**Data excerpts**

*-*-*

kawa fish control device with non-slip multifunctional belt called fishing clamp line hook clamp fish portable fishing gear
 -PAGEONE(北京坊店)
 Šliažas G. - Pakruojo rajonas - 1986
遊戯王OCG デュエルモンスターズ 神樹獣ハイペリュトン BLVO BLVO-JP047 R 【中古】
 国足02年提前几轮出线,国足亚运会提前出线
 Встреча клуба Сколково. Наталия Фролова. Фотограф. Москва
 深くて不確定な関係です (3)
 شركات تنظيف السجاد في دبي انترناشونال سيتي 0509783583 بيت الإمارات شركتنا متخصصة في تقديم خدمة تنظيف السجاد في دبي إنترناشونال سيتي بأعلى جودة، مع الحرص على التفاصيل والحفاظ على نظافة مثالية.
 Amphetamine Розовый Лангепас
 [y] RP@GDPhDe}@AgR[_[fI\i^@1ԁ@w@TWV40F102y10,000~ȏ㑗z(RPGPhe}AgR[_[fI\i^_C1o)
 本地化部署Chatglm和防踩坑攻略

*-*-*

Repeat exactly the lines from the one containing "-PAGEONE(北京坊店)" through the last line of the records above, both included, and nothing else.

 -PAGEONE(北京坊店)
 Šliažas G. - Pakruojo rajonas - 1986
遊戯王OCG デュエルモンスターズ 神樹獣ハイペリュトン BLVO BLVO-JP047 R 【中古】
 国足02年提前几轮出线,国足亚运会提前出线
 Встреча клуба Сколково. Наталия Фролова. Фотограф. Москва
 深くて不確定な関係です (3)
 شركات تنظيف السجاد في دبي انترناشونال سيتي 0509783583 بيت الإمارات شركتنا متخصصة في تقديم خدمة تنظيف السجاد في دبي إنترناشونال سيتي بأعلى جودة، مع الحرص على التفاصيل والحفاظ على نظافة مثالية.
 Amphetamine Розовый Лангепас
 [y] RP@GDPhDe}@AgR[_[fI\i^@1ԁ@w@TWV40F102y10,000~ȏ㑗z(RPGPhe}AgR[_[fI\i^_C1o)
 本地化部署Chatglm和防踩坑攻略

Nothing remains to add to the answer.